A 78.5-kg man is standing on a frictionless ice surface when he throws a 2.40-kg book horizontally at a speed of 11.3 m/s. With what speed does the man move across the ice as a result? Give your answer in m/s, and be sure to use three significant figures in your answer.

Answer 1

Answer:

The man moves across the ice with a speed of 0.345m/s.

Explanation:

From the conservation of linear momentum, we have that the total linear momentum before the book throw is equal to the total linear momentum just after it. Since the initial velocity of the system is zero (so the initial momentum is zero), we have that:

$m_mv_m+m_bv_b=0\\\\v_m=-\frac{m_b}{m_m} v_b$

Where $m_m$ is the mass of the man, $m_b$ is the mass of the book, and $v_m$ and $v_b$ are their velocities. Plugging in the given values, we can compute the speed of the man (ignoring the negative sign, because we care about the magnitude, not the direction):

$v_m=\frac{2.40kg}{78.5kg}(11.3m/s)=0.345m/s$

In words, the resulting speed of the man is 0.345m/s.

Answer 2

Answer:

0.345 m/s²

Explanation:

From the law of conservation of momentum,

The total momentum before the book was thrown = Total momentum after the book is thrown.

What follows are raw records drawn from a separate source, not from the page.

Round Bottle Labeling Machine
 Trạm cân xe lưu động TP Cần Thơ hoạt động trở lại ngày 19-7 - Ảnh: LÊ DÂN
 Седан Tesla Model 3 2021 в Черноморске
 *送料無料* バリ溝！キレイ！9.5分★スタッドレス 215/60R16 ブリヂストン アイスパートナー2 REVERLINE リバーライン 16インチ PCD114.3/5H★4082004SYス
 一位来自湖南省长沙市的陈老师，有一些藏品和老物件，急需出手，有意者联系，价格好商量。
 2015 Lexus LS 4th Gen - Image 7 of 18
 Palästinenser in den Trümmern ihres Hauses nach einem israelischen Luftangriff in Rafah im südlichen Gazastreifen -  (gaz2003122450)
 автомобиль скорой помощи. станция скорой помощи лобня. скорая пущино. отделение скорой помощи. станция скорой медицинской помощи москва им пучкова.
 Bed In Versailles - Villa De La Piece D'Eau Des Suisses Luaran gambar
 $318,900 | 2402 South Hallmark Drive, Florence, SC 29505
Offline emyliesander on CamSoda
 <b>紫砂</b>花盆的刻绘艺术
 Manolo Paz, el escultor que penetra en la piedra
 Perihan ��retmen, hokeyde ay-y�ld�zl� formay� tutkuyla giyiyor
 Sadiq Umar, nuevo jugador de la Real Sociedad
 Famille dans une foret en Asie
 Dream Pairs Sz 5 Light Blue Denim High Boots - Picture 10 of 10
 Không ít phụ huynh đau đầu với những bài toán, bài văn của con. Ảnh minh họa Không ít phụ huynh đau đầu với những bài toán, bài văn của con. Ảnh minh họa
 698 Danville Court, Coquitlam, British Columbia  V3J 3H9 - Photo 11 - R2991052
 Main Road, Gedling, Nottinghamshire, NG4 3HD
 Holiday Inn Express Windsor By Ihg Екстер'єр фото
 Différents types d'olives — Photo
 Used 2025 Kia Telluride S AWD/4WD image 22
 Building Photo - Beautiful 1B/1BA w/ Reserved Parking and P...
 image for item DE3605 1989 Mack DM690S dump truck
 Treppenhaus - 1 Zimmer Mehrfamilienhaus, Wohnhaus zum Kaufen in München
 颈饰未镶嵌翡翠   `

Note: Since both the man and the book are stationary before the book was thrown, then the total momentum before the book was thrown = 0.

0 = m'v' + mv .................... Equation 1

m'v'+mv = 0

Where m' = mass of the man, v' = final velocity of the man after the throw, m = mass of the book, v = final velocity after the throw

make v' the subject of the equation

v' = -mv/m'............... Equation 2

Given: m = 2.40 kg, v = 11.3 m/s, m' = 78.5 kg.

Substitute into equation 2

v' = 2.4(11.3)/78.5

v' = 27.12/78.5

v' = 0.345 m/s²